Tuesday, March 6, 2012

What is money, really?

Well, it used to precious metals, stamped into a uniform size, with a date and a portrait and milled edges to prevent "clipping" (filing off gold or silver around the edge of the coin, keeping the filings, and passing the coin off as full weight). And having money gets us out of the barter business, an obvious goodness.
Then we invented paper money. It took a while for paper money to become pure paper. I can still remember "silver certificates" which promised to pay $1 in silver coin upon demand. The "Federal Reserve Notes" looked about the same, but made no promises to redeem the bills in coin.
Once we moved on to a pure paper money, some wonderful things become possible. We can print as much paper money as we like. If you are the treasurer of the United States, and you need to meet payroll, printing money is a wonderful thing. You have no idea how surly people get when they don't get paid on time.
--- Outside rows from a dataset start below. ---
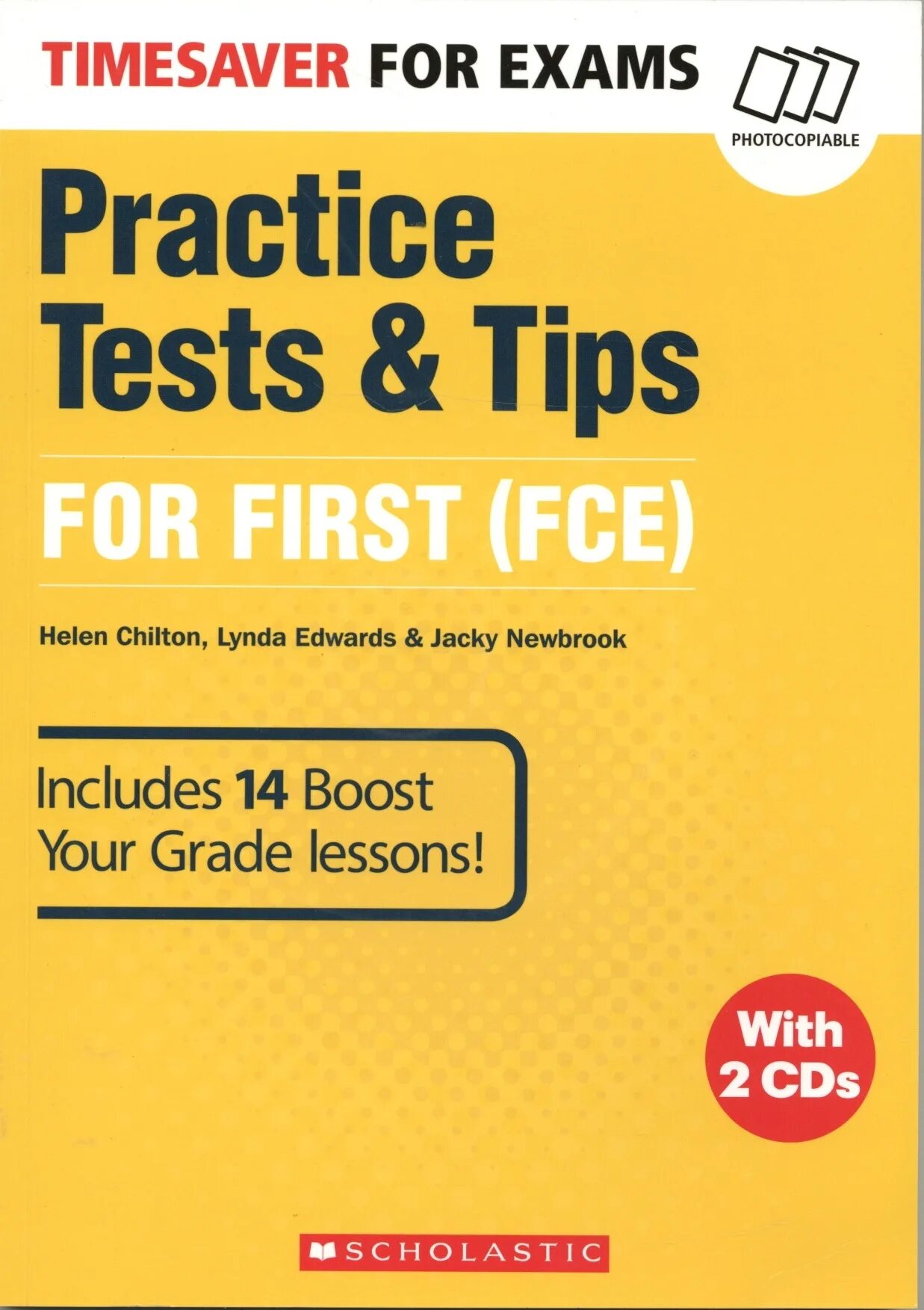 Practice test 1. FCE Practice Tests. FCE 1. FCE Practice Exam. FCE Practice Tests 1.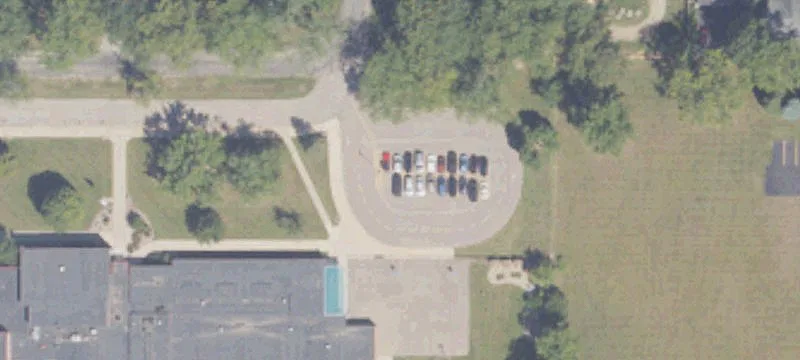 2750 Orch Ln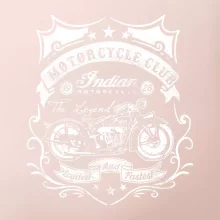 Indian Motorycle Club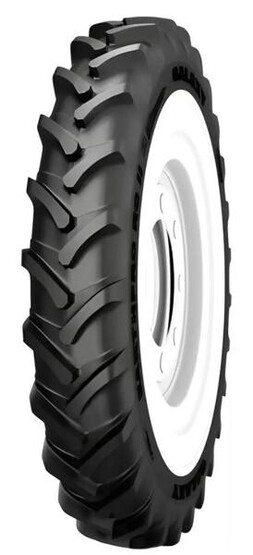 Спецшина Galaxy Earth-Pro Rc Ii 340/85R46 150D (153A
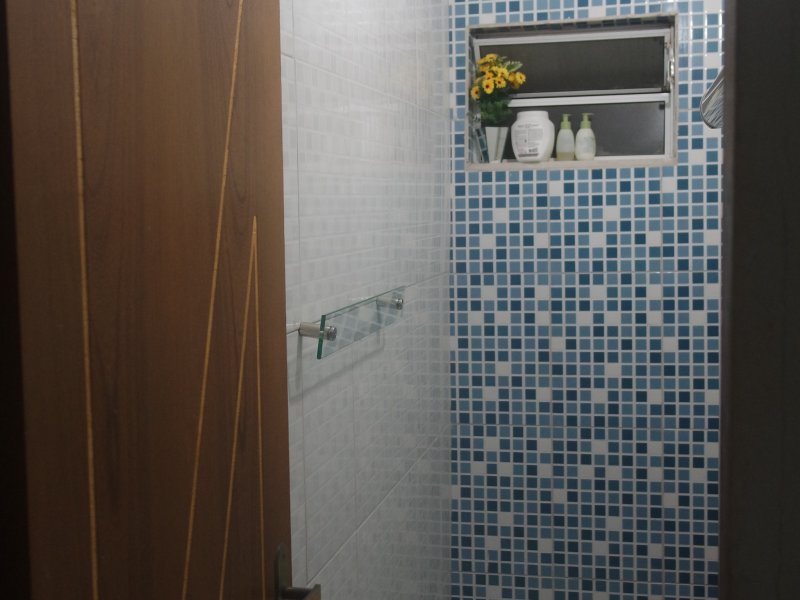 Casa à venda Ponto Chic com 100m² e 2 quartos por R$ 380.000 - 1032292746-sam-4015.JPG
The not so wonderful part of printing money is inflation. Print dollar bills by the carload, and pretty soon everybody has dollars, and storekeepers ask for more dollars for their goods. Customers grumble, but they have the dollars and they want or need the goods. So prices go up. I can remember a time when gasoline was 4 gallons to the dollar. After half a century of dollar printing, it's the other way round, 4 dollars to the gallon.
Inflation is tough on savers. We all want to save money, for the house, for the college education, for retirement. But if the money we put away last year is worth less this year, we know we have been robbed. (Actually we have been taxed, but that doesn't make us feel any better about it.)
Borrowers love inflation. Borrow the money today and pay it back with tomorrow's cheaper dollars. Such a deal.
US monetary policy has been a hot political issue since Alexander Hamilton's time. The savers and the lenders want "sound money" (i.e. no printing of new money) and the borrowers want the opposite. Ron Paul's push for a pure gold currency is the modern form. Over all of US history, the savers and lenders have had the votes, just barely, to limit the printing, mostly. Only existential emergencies, the Great Depression and the two World Wars, pressed the US government into heavy duty money printing.
Today we are faced with Great Depression 2.0. And the democrats want to print carloads of money, supposedly to cure Great Depression 2.0 but also having carloads of dollars to hand out to friends and supporters improves their chances of re election.
Unless the voters get wise and figure out that all that printing, causes inflation, which steals their savings.